## THE PROBLEM
Print every line of the material below exactly as it stands, but omit the pictures.

## EXCERPTED DATA
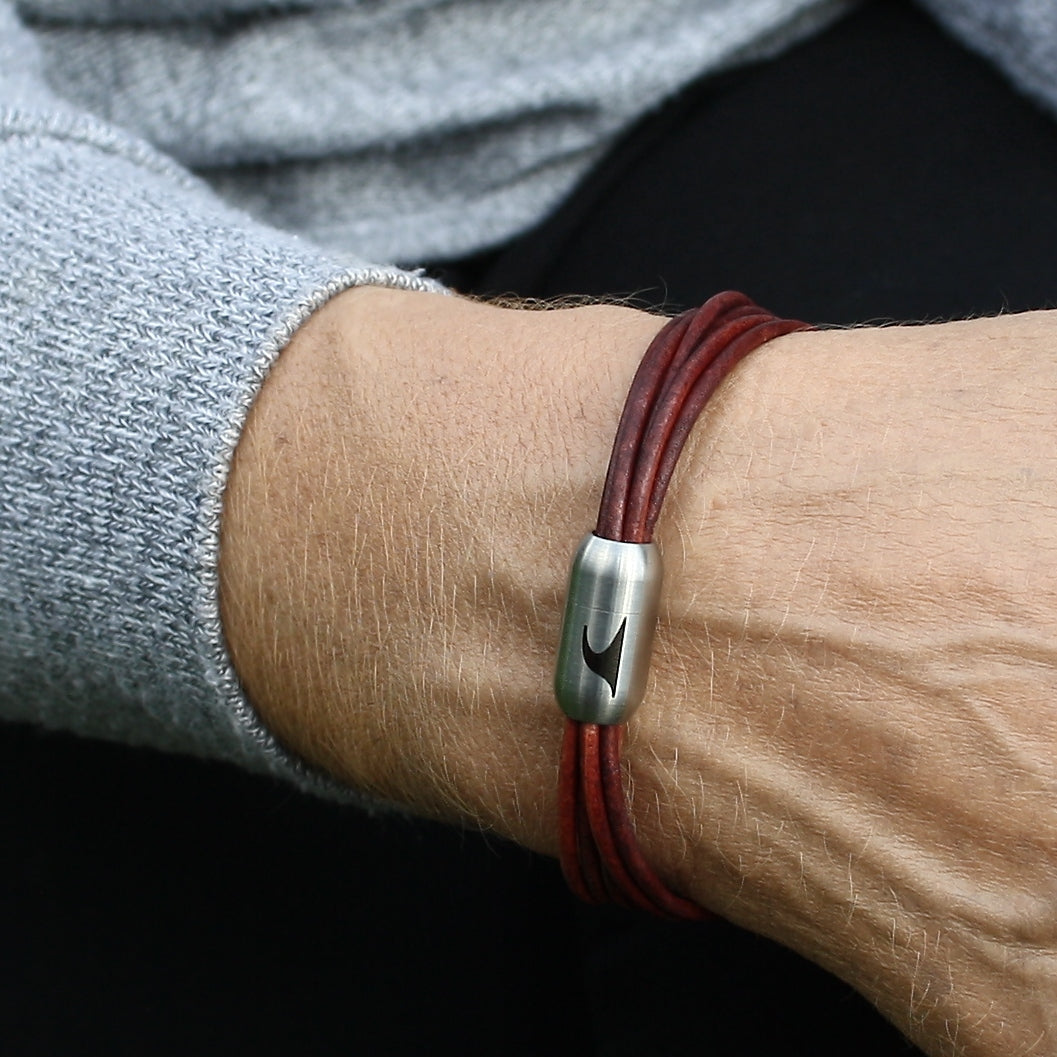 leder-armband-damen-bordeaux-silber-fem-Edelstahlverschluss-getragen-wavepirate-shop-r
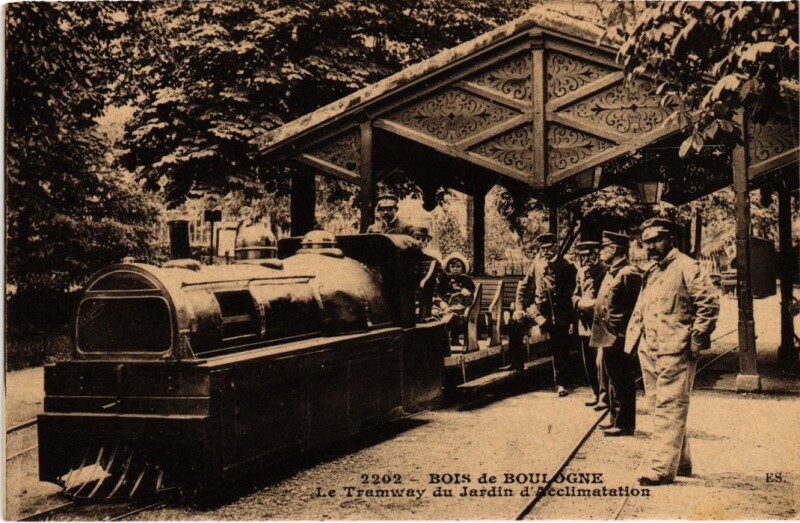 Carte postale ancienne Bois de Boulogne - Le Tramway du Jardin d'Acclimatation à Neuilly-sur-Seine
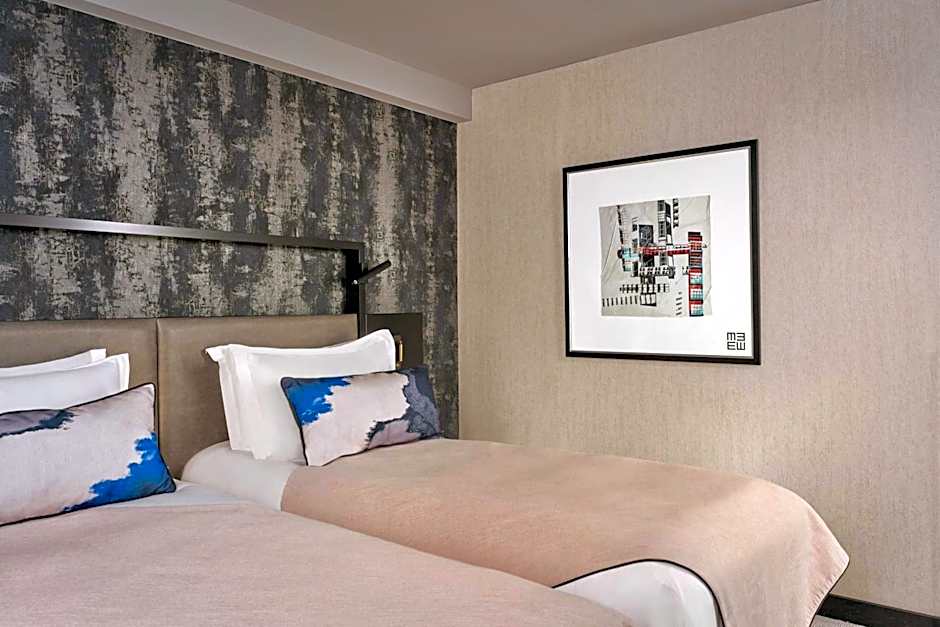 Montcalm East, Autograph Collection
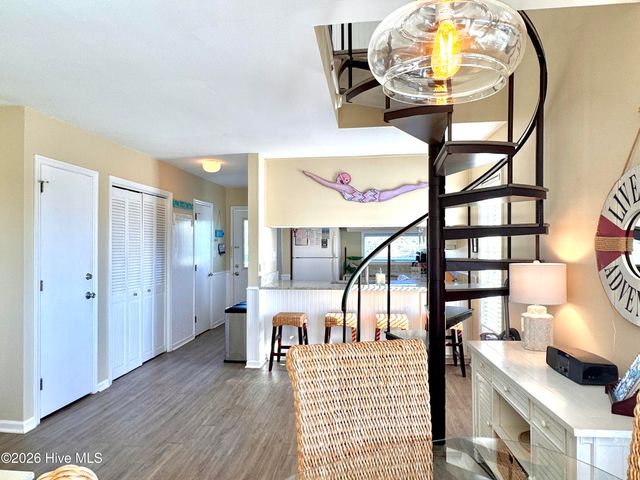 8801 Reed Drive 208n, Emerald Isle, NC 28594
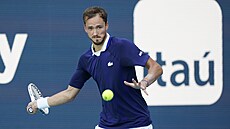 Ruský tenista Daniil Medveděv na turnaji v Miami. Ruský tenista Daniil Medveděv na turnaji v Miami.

## TASK SOLUTION
 leder-armband-damen-bordeaux-silber-fem-Edelstahlverschluss-getragen-wavepirate-shop-r
 Carte postale ancienne Bois de Boulogne - Le Tramway du Jardin d'Acclimatation à Neuilly-sur-Seine
 Montcalm East, Autograph Collection
 8801 Reed Drive 208n, Emerald Isle, NC 28594
 Ruský tenista Daniil Medveděv na turnaji v Miami. Ruský tenista Daniil Medveděv na turnaji v Miami.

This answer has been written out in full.